Conclusions: Among Asian patients who were associated with higher bleeding risk, low adherence, and receiving reduced NOAC dose than that provided in randomised controlled trials, all NOACs were associated with a significantly lower S/SE risk and apixaban and dabigatran with a significantly lower MB risk than warfarin.

Fig 1. Cohort creation flowchart.

AF, atrial fibrillation; HCMP, hypertrophic cardiomyopathy; ICD-10, International Classification of Diseases 10^th Revision; NOAC, non-vitamin K antagonist oral anticoagulant; OAC, oral anticoagulant; VTE, venous thromboembolism. * Patients were required to have made at least one inpatient claim/two outpatient claims with a diagnosis of ICD-10 code I48 (atrial fibrillation and flutter) within 8.5 years prior to or on the index date. ** No OACs (apixaban/dabigatran/rivaroxaban/warfarin) should have been prescribed 1 year prior to the index date.

Fig 2. Crude cumulative incidence curves.

(A) stroke/systemic embolism, (B) major bleeding, (C) intracranial hemorrhage and (D) gastrointestinal bleeding.

Fig 3. Hazard ratios for stroke/systemic embolism, major bleeding, intracranial haemorrhage and gastrointestinal bleeding for non-vitamin K antagonist oral anticoagulants relative to warfarin.

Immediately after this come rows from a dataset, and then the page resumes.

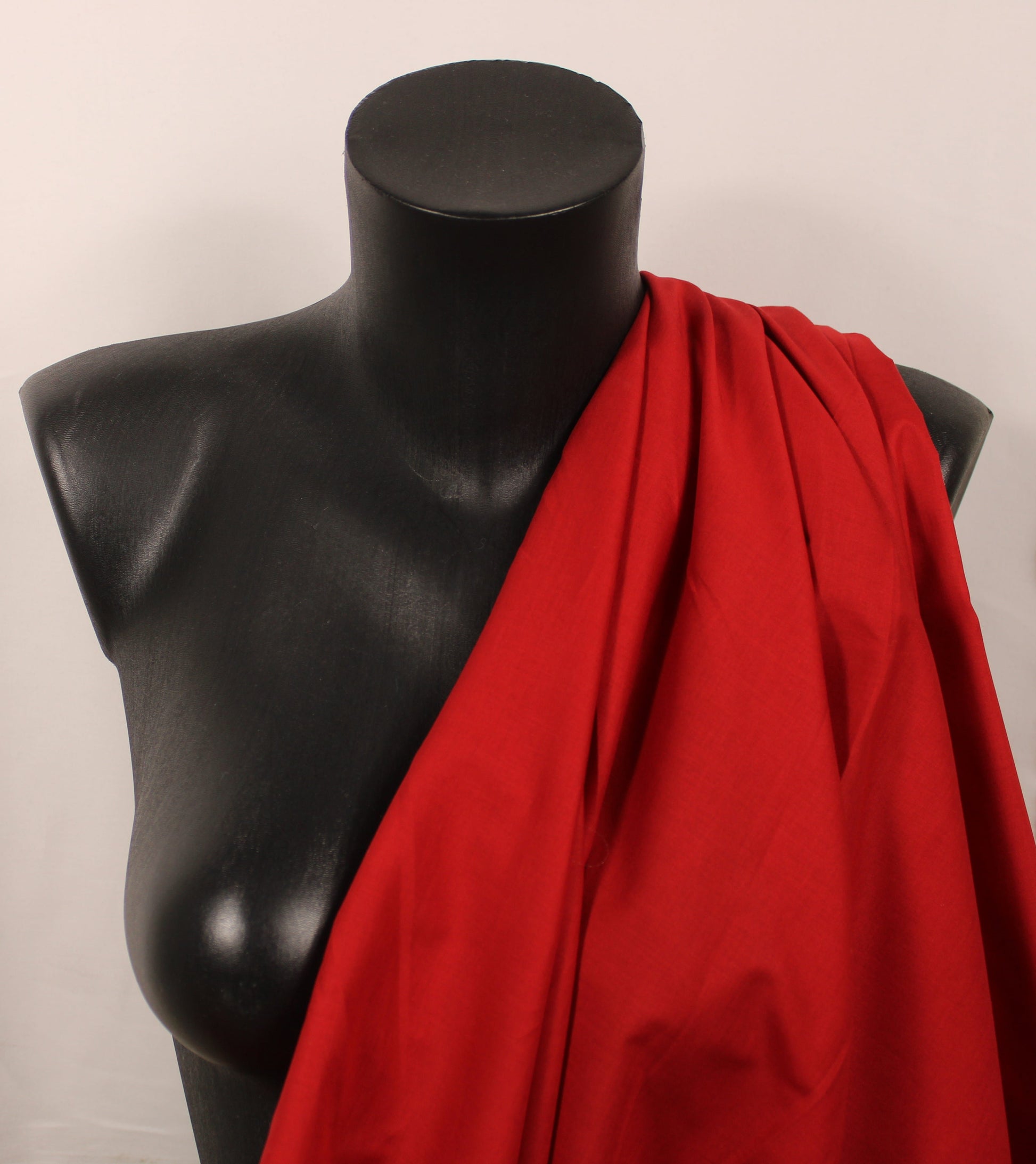 Tissu batiste de coton prestige - rouge - photo 3/4 | So Tissus
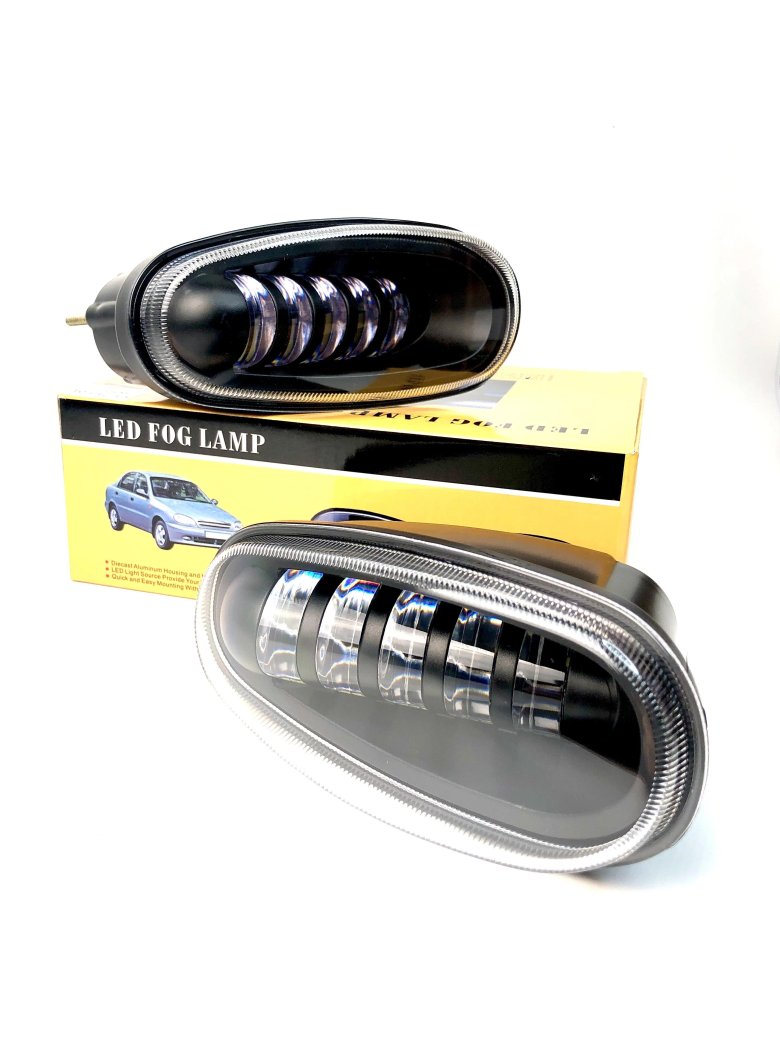 Светодиодные птф на шевроле ланос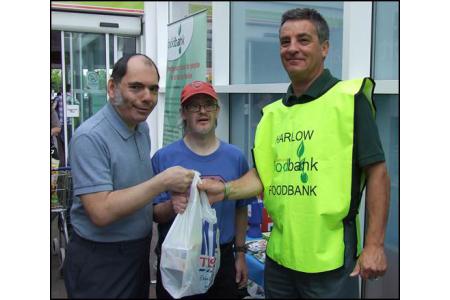 Harlow Foodbank supermarket collections
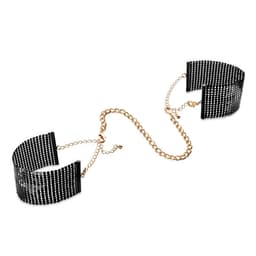 Bijoux Indiscrets Désir Métallique Handschellen aus schwarzem Metallgewebe, Gesamtansicht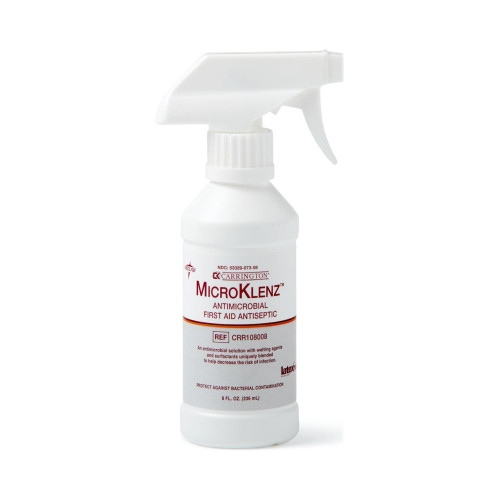 Microklenz Wound Cleanser 8 oz. Spray Bottle NonSterile Antimicrobial, CRR108008, Pack of 1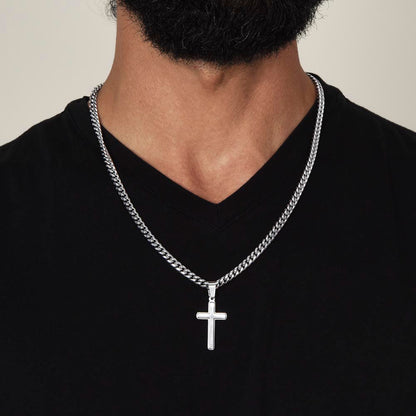Premium packaging box for men’s cross necklace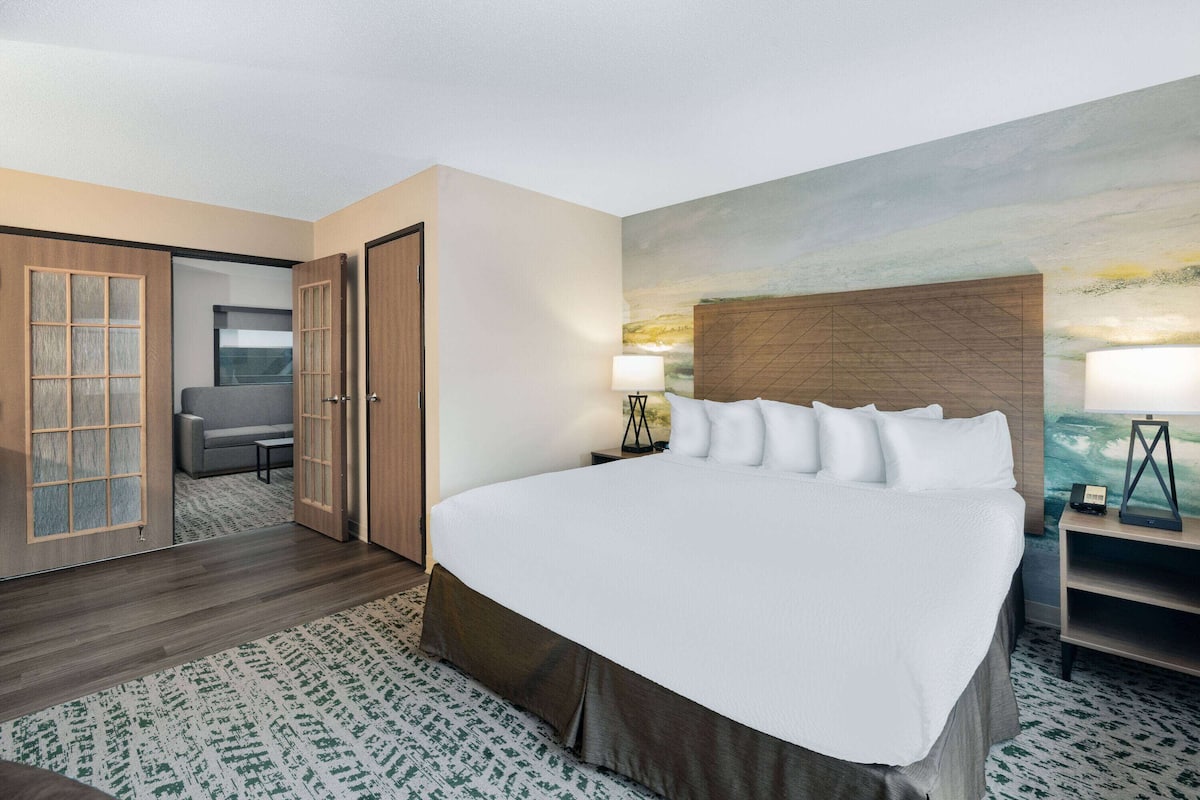 Deluxe Suite, 1 King Bed, Non Smoking (Second Floor, One Bedroom) | Desk, blackout drapes, iron/ironing board, rollaway beds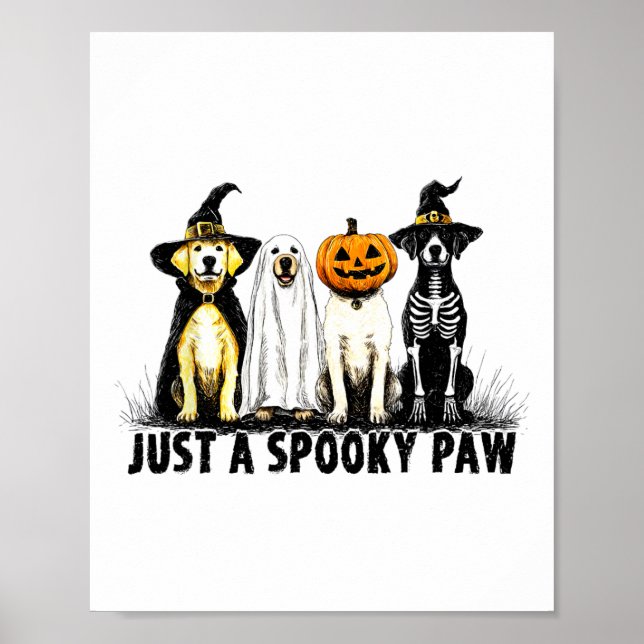 Bara en taloky Tass Ghost Hund Halloween Poster (Framsidan)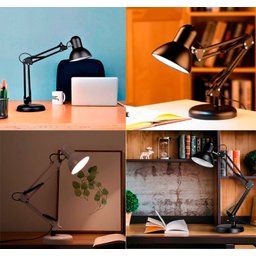 Luminária Mesa E Bancada Escritorio Quarto Articulável Metal Grande Garra - 2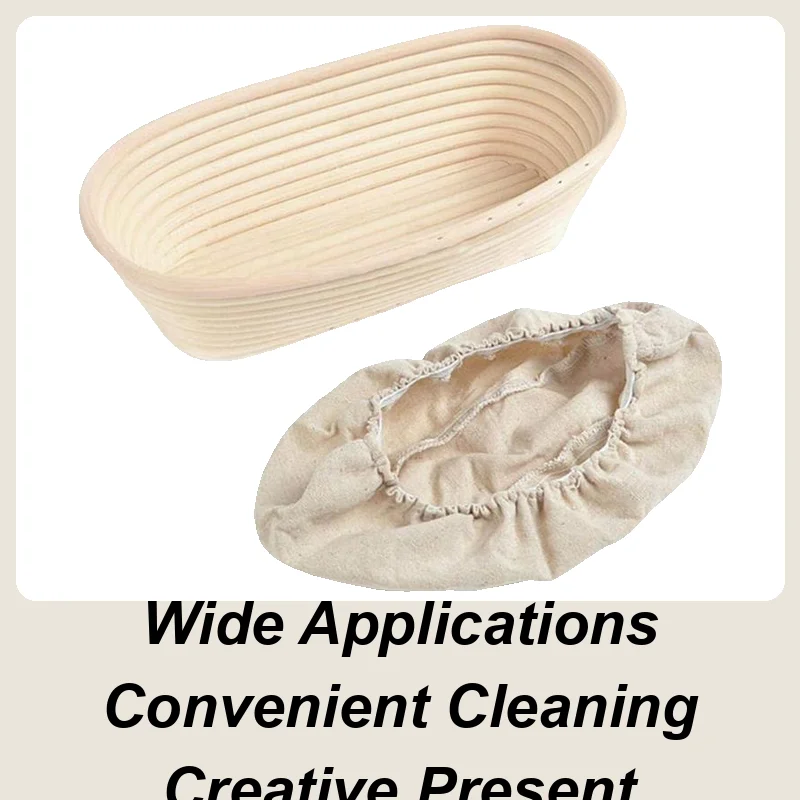 

Oval Bread Proofing Bowls With Liner Sourdough Rattan Proofing Basket Woven Dough Fermentation Bowl Bread Making Tools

NOACs, non-vitamin K antagonist oral anticoagulants. 1) Obtained using inverse probability of treatment weighting. The patient group treated with warfarin served as the reference. * Reported hazard ratio at 1 year since the proportional hazard assumption was violated.

Fig 4. Subgroup analyses for the comparisons of stroke/systemic embolism and major bleeding between the three non-vitamin K antagonist oral anticoagulants and warfarin.

(A) apixaban vs warfarin, (B) dabigatran vs warfarin, (C) rivaroxaban vs warfarin. CHA₂DS₂-VASc, score based on congestive heart failure, hypertension, age ≥75 years, diabetes mellitus, stroke, vascular disease, age 65–74 years and sex; CI, confidence interval; CKD, chronic kidney disease; HAS-BLED, score based on hypertension/abnormal renal and liver function/stroke/bleeding/labile international normalized ratio/elderly/drugs/alcohol; NOACs, non-vitamin K antagonist oral anticoagulants. The P value is for the interaction.